Au panthéon des événements vivants qui attirent tant de monde par leur originalité, leur engouement et leur intérêt auprès des populations, le « Festival Cinévillage de Kouila » a su se faire une place de choix dans la liste restreinte. Après 11 éditions, le 12e acte vient marquer les esprits de la plus belle des manières, avec une cérémonie inaugurale qui a tenu toutes ses promesses. Réunissant des autorités administratives, des partenaires stratégiques, la presse nationale et une population mobilisée en masse, le festival a choisi de placer cette édition sous le signe de l’urgence :« Cinéma et Environnement ». Plus qu’un simple intitulé, ce thème se veut une réponse directe aux mutations climatiques qui bouleversent le quotidien des communautés rurales.

Le parrain de cette édition, Monsieur Abdoulaye Ouédraogo, Président du Conseil d’Administration du SPONG, a pris la parole pour saluer la pertinence d’une telle initiative. Pour lui, le grand écran dépasse largement le cadre du divertissement.
« Le cinéma n’est pas seulement des films à regarder ou une simple contemplation d’images ; c’est avant tout une rencontre entre les hommes et les femmes. Nous savons qu’aucune cité, ni aucun village, ne peut se construire sans la cohésion sociale et la paix. Nous voyons le cinéma comme le levier par excellence de cette cohésion, de l’autonomisation et de la création de richesse », a-t-il déclaré avec conviction.
Poursuivant son allocution, il a souligné l’alignement parfait entre les objectifs du festival et les aspirations de développement de la région. Selon lui, les promoteurs du Festival Cinévillage de Kouila œuvrent concrètement pour transformer cette vision en réalité tangible, faisant de la culture un moteur de croissance économique locale.

Par ailleurs, M. Ouédraogo a réitéré son soutien indéfectible à l’équipe d’organisation : « Nous rassurons le comité que, tant que nous serons ensemble, nous ne ménagerons aucun effort pour les soutenir. Notre ambition est que cette croisade culturelle demeure durable et s’inscrive dans le temps, pour toujours. »

À sa suite, le co-parrain, Monsieur Nelson Congo, Directeur Général de CSR Africa et Ambassadeur de la Culture et du Tourisme responsables, a axé son intervention sur la nécessité de territorialiser les politiques environnementales.

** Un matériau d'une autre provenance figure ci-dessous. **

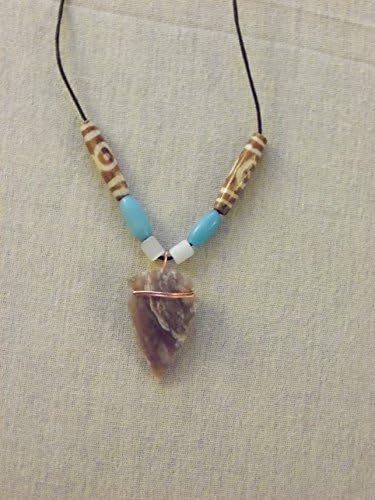 Arrowhead necklace - agate, bone, cat's eye glass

« Que ce soit au niveau national ou international, on élabore des politiques publiques sur l’environnement et le climat, mais ces politiques parviennent rarement jusqu’aux communautés à la base. Si le festival, à travers son promoteur, a eu l’idée de montrer comment les actions de développement durable doivent être menées sur le terrain, il est de notre devoir, en tant que cabinet travaillant sur la Responsabilité Sociétale des Entreprises (RSE), d’accompagner une telle démarche », a-t-il expliqué.

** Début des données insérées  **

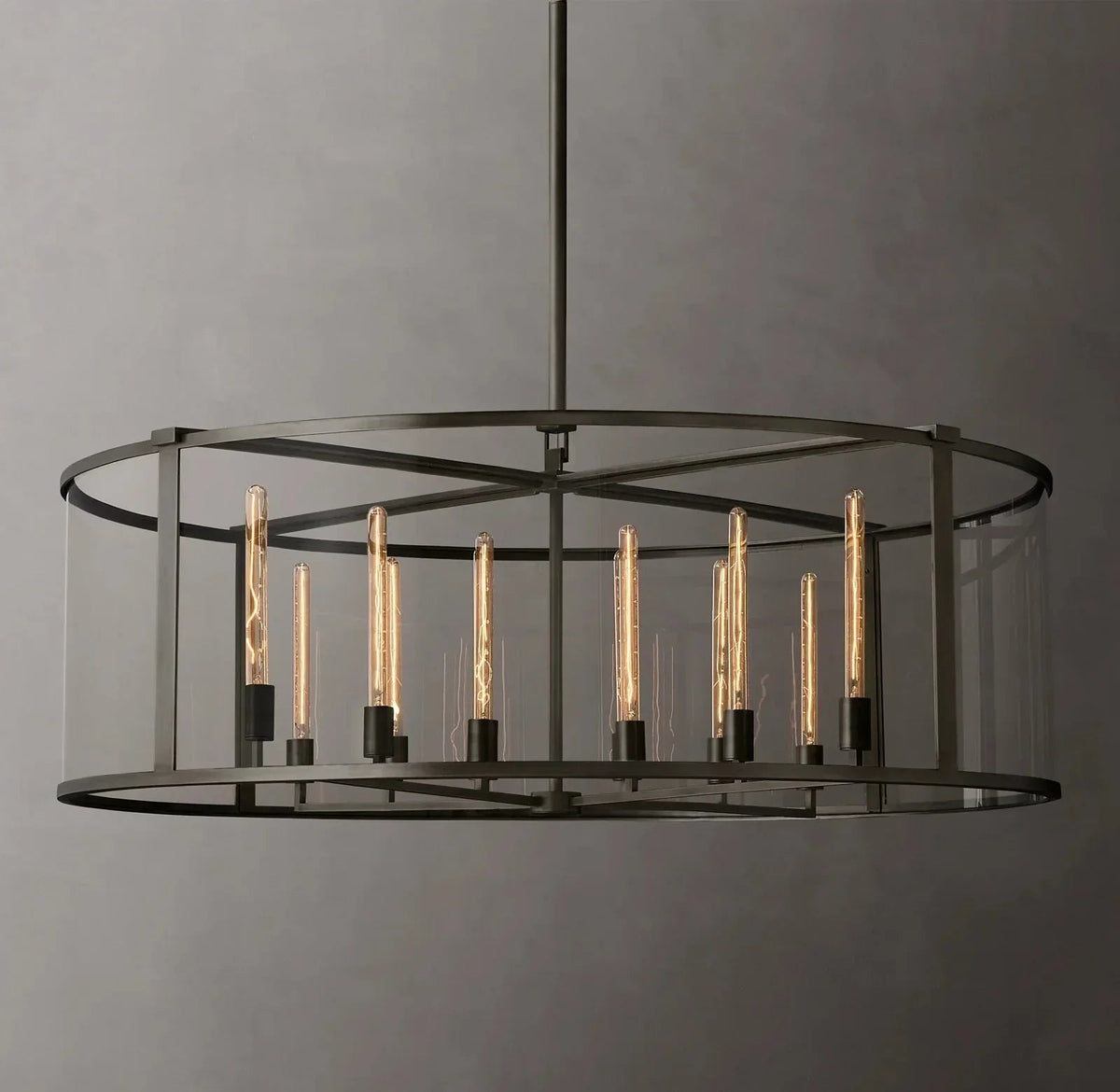 55 Inch Glass Drum Chandelier - Beckman - Zelno Lighting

M. Congo a précisé que cet engagement n’était pas un acte isolé, mais le début d’un partenariat de longue durée. « C’est pourquoi, dès que le premier responsable est venu vers nous, nous avons décidé de l’accompagner sans réserve. Ce n’est pas un soutien pour aujourd’hui seulement ; nous nous préparons déjà pour l’édition prochaine et les suivantes », a-t-il promis.
Il a enfin rappelé la mission maîtresse de CSR Africa, qui lie intrinsèquement gouvernance, environnement et économie. Pour lui, ce que Cinévillage a réussi à mobiliser ce soir est l’expression parfaite de cette convergence de responsabilités, renforçant ainsi la confiance entre les acteurs du développement et les populations.

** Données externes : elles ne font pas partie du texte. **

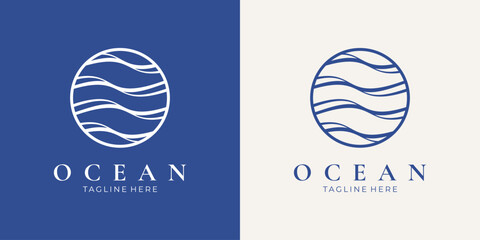 Minimalist circular ocean wave line art logo design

L’ouverture officielle passée, le festival bat son plein dans une atmosphère électrique. Les projections en plein air et les débats attirent non seulement les habitants de Kouila, mais aussi ceux des quartiers et villages environnants. Le pari semble réussi pour le comité d’organisation : faire du cinéma le miroir des enjeux écologiques tout en restant un moment de fête inoubliable pour la communauté.